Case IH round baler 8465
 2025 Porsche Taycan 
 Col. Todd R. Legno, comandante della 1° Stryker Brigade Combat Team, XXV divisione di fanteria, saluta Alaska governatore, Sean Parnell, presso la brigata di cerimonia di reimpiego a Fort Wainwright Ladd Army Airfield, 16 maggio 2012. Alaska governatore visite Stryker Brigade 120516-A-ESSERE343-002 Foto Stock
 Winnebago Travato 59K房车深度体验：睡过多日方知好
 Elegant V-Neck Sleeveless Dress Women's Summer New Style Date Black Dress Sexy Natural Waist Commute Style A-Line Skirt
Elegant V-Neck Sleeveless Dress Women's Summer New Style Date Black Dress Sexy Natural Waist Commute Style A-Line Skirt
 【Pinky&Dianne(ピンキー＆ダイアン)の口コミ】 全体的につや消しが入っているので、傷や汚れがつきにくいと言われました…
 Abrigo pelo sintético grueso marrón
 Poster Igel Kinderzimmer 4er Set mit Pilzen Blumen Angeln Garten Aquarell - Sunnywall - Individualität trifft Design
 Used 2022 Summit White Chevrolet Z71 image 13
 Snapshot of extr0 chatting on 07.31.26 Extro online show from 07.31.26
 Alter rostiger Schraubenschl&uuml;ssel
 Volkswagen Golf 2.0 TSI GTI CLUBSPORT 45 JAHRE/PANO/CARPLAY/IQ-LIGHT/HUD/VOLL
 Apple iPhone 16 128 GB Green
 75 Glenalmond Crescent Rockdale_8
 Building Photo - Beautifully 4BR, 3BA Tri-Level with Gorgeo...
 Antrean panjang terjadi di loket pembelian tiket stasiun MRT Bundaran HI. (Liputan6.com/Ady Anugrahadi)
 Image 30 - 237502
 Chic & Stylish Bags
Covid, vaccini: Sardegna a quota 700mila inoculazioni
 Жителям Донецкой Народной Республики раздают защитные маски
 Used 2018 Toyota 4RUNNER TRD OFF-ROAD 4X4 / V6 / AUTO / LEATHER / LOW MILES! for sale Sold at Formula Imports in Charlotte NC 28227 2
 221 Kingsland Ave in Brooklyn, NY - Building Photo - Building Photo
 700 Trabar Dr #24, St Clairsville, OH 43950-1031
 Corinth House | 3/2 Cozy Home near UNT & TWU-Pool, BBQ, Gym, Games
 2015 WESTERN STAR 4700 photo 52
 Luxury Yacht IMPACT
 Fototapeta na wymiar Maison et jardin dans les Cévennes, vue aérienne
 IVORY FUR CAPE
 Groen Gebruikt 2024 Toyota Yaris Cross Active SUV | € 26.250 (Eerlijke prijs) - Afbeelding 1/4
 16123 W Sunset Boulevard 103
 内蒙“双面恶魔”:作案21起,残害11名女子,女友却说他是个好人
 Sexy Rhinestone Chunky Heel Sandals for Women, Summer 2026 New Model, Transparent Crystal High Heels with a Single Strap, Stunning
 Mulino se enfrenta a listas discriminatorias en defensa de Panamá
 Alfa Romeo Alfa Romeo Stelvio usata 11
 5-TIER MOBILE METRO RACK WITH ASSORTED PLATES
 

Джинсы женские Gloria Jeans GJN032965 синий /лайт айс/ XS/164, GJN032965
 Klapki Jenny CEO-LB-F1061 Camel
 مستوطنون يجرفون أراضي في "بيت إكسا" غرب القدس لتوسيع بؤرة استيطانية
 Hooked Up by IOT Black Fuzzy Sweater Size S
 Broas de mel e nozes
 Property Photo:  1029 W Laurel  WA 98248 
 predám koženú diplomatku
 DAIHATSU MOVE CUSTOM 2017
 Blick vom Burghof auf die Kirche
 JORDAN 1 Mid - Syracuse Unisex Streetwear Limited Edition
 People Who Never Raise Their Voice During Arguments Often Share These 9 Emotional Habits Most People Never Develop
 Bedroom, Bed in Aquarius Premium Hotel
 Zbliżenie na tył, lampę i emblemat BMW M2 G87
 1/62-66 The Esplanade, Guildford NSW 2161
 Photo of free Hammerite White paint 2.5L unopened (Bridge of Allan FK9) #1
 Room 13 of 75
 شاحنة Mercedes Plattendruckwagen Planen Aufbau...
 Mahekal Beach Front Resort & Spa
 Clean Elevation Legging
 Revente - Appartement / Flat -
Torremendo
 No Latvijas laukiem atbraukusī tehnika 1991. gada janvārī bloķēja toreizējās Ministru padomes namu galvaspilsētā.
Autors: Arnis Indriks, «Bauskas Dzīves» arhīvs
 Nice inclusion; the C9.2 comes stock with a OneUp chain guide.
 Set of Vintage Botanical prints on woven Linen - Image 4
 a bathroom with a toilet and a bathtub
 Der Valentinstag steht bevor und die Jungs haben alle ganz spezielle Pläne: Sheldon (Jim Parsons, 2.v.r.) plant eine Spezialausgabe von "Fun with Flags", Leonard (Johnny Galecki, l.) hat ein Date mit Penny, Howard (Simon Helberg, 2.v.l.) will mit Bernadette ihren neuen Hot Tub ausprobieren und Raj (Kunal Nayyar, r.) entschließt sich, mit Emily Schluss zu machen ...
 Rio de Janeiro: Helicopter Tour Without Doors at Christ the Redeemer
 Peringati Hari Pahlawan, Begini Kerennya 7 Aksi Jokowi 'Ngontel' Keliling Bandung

Task item:
Looking back over the data above, restate word for word the lines that begin at the line with "2025 Porsche Taycan" and end at the line with "Winnebago Travato 59K房车深度体验：睡过多日方知好", inclusive.

Exercise result:
 2025 Porsche Taycan 
 Col. Todd R. Legno, comandante della 1° Stryker Brigade Combat Team, XXV divisione di fanteria, saluta Alaska governatore, Sean Parnell, presso la brigata di cerimonia di reimpiego a Fort Wainwright Ladd Army Airfield, 16 maggio 2012. Alaska governatore visite Stryker Brigade 120516-A-ESSERE343-002 Foto Stock
 Winnebago Travato 59K房车深度体验：睡过多日方知好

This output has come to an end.